Orang Karon, Mare dan Aifat menggunakan bahasa Maybrat yang terbagi ke dalam beberapa aksen atau dialek (tone). Mereka hidup dalam suatu hamparan wilayah yang sama, termasuk juga orang Ayamaru, Moi, kemudian Arfak. Kondisi alam dan iklimnya pun tidaklah berbeda. Kalau kita bagian dari ketiga kelompok ini dan kita pergi dari wilayah Karon, di Kampung Senopi, kita akan berjalan kaki hingga tiba di Mare, kampung Seya atau Ases dan kemudian kita sampai ke Yamko (Yarat, Man, Konja), Kokas, Mosun, Ayawasi, Kmurkek dan seterusnya sebagaimana aspal jalan Transnasional Papua Barat saat ini mengikutinya. Di setiap kampung kita dapat bermalam bahkan tinggal untuk beberapa hari sebab orang di wilayah ini memiliki satu bahasa pengantar (lingua franca) untuk komunikasi, lebih jauh lagi mereka menghidupi kebudayaan yang sama. Semakin ke dalam lagi mereka diikat dengan ikatan kekerabatan berdasarkan perkawinan dan hubungan darah dan dusun yang sama. Hubungan yang terikat kuat itu menemukan titik temunya pada transaksi kain timur [4] yang ikut memainkan peran dalam tukar menukar barang dan manusia.
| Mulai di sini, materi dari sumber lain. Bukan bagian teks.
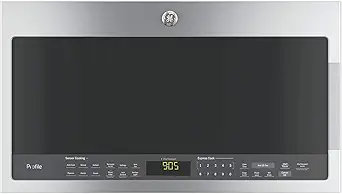 61jJXhoiddL.__AC_SY445_SX342_QL70_FMwebp_ Comprehensive review of the GE PVM9005SJSS over-the-range microwave oven features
Orang Aifat dapat berjalan kaki mencari kain hingga ke wilayah orang Karon bahkan ke wilayah penduduk Arfak. Jalur kain dan manusia ini semakin mempermudah kita untuk menemukan hubungan kekerabatan yang kerap kali ditunjukkan dengan perkelahian, kecemburuan, cinta, benci, hingga perasaan dendam. Sebab hubungan mereka telah lama hidup. Hubungannya di sebelah timur dengan penduduk suku Mpur dan Meakh Arfak, di sebelah selatan penduduk Moskona dan Arfak, di sebelah barat dengan penduduk Ayamaru yang masih tergolong ke dalam satu kebudayaan. Kain timur juga dipakai oleh orang Imyan (Tehit) di Teminabuan, kemudian suku Moi di Sorong.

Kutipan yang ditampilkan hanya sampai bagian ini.